Entre 2014 et 2021, le pays s’était déjà retrouvé avec deux gouvernements rivaux. Mais à l’époque, les divisions étaient d’ordre régional entre la Cyrénaïque dans l’Est, dominée par le maréchal Khalifa Haftar, et le gouvernement basé à Tripoli. Ce qui n’est plus le cas actuellement puisqu’il s’agit désormais d’ententes entre acteurs clefs des deux régions d’autant que Fathi Bachagha, un poids lourd de l’Ouest de la Libye, a noué des alliances avec le maréchal Haftar et avec le président du Parlement basé dans l’Est, Aguila Saleh.

Du fait des divisions politiques qui minent la Libye, notamment entre institutions concurrentes dans l’Est et l’Ouest et par l’insécurité, la production pétrolière, principale source de revenus en Libye, en est otage, avec une vague de fermetures forcées de sites pétroliers ces derniers temps. Le blocage de sites pétroliers entraîne un manque à gagner de soixante millions de dollars par jour, selon le ministre du Pétrole et du Gaz. Quant aux groupes à l’origine de ces blocages, considérés comme proches du camp de l’Est, ils réclamaient le transfert du pouvoir à Fathi Bachagha ainsi qu’une meilleure répartition des revenus pétroliers.

Selon des observateurs, le coup de force avorté de l’ancien ministre de l’Intérieur amenuise ses chances de diriger un gouvernement susceptible d’être accepté par tous les protagonistes.

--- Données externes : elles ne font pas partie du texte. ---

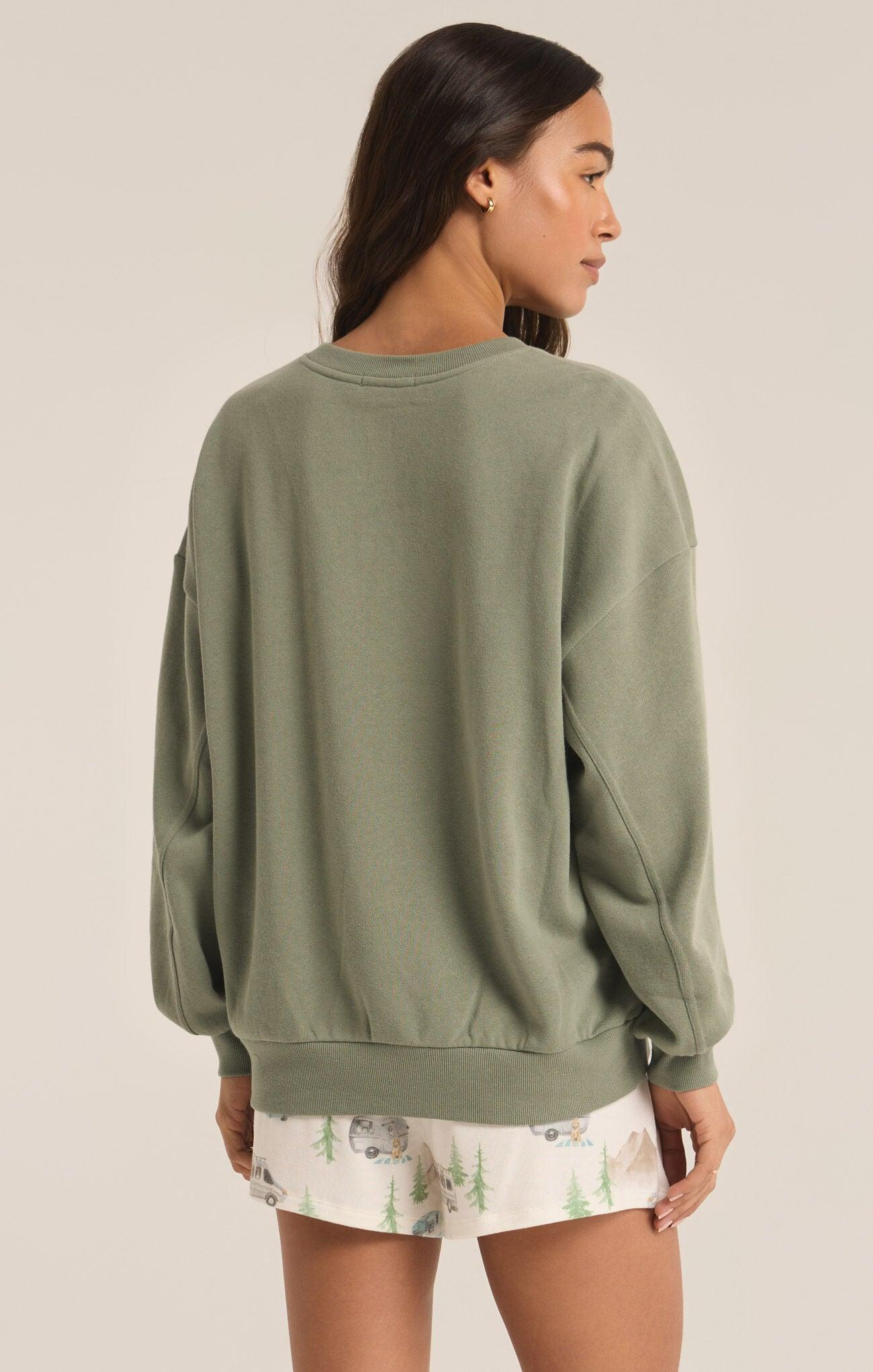 OVERSIZED CAMP SWEATSHIRT *FS Product Image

La tenue d’élections, unique voie possible de sortie de crise

« La brigade qui a vraiment et ouvertement aidé Bachagha à entrer à Tripoli - c’est-à-dire al-Nawasi - s’est retrouvée seule et entourée de milices pro-Dbeibah qui sont finalement très bien organisées, notamment la Brigade 444 connue pour sa proximité en termes de coordination, de formation et d’équipements et très proche de la Turquie », relève Jalel Harchaoui, chercheur spécialiste de la Libye. Il y voit une preuve sûre que le gouvernement basé à Tripoli va continuer à diriger le pays.  « Cette capitulation de la part de Bachagha va l’affaiblir énormément car l’argument qu’il a toujours mis en avant, sa capacité justement à être accepté en Tripolitaine et dans la capitale en particulier, s’est retournée contre lui », estime l’analyste.

De son côté, Anas el-Gomati, directeur du groupe de réflexion Sadeq Institute, pense que l’entrée avortée dans Tripoli du chef du gouvernement rival est « un désastre politique pour Bachagha ». « Il est sous pression pour prouver sa valeur à Haftar. Aucun d’eux n’est en mesure de s’emparer de la capitale », a-t-il ajouté.

Devant l’impasse de la situation en Libye, la communauté internationale appelle à la reprise du processus électoral sur place, interrompu en décembre dernier. « Les institutions et dirigeants politiques libyens ont la responsabilité de reprendre le processus électoral au plus vite » au bénéfice du peuple qui devait voter le 24 décembre 2021 lors d’une présidentielle avortée, note l’ONU dans un récent rapport. Les Libyens doivent « s’engager sans équivoque pour la tenue d’élections présidentielle et parlementaire libres, équitables, inclusives et crédibles dans les meilleurs délais, sur la base d’un cadre constitutionnel et juridique convenu », insiste le secrétaire général de l’ONU, Antonio Guterres.

Le chef de l’ONU appelle, par ailleurs, « tous les acteurs à s’abstenir d’actions unilatérales qui pourraient aggraver les divisions existantes, déclencher des conflits et menacer les progrès durement acquis vers la stabilité et l’unité réalisés ces deux dernières années ». Sur le plan économique, il leur demande d’« éviter les actions qui perturbent la production pétrolière dont dépendent les moyens de subsistance de tous les Libyens ».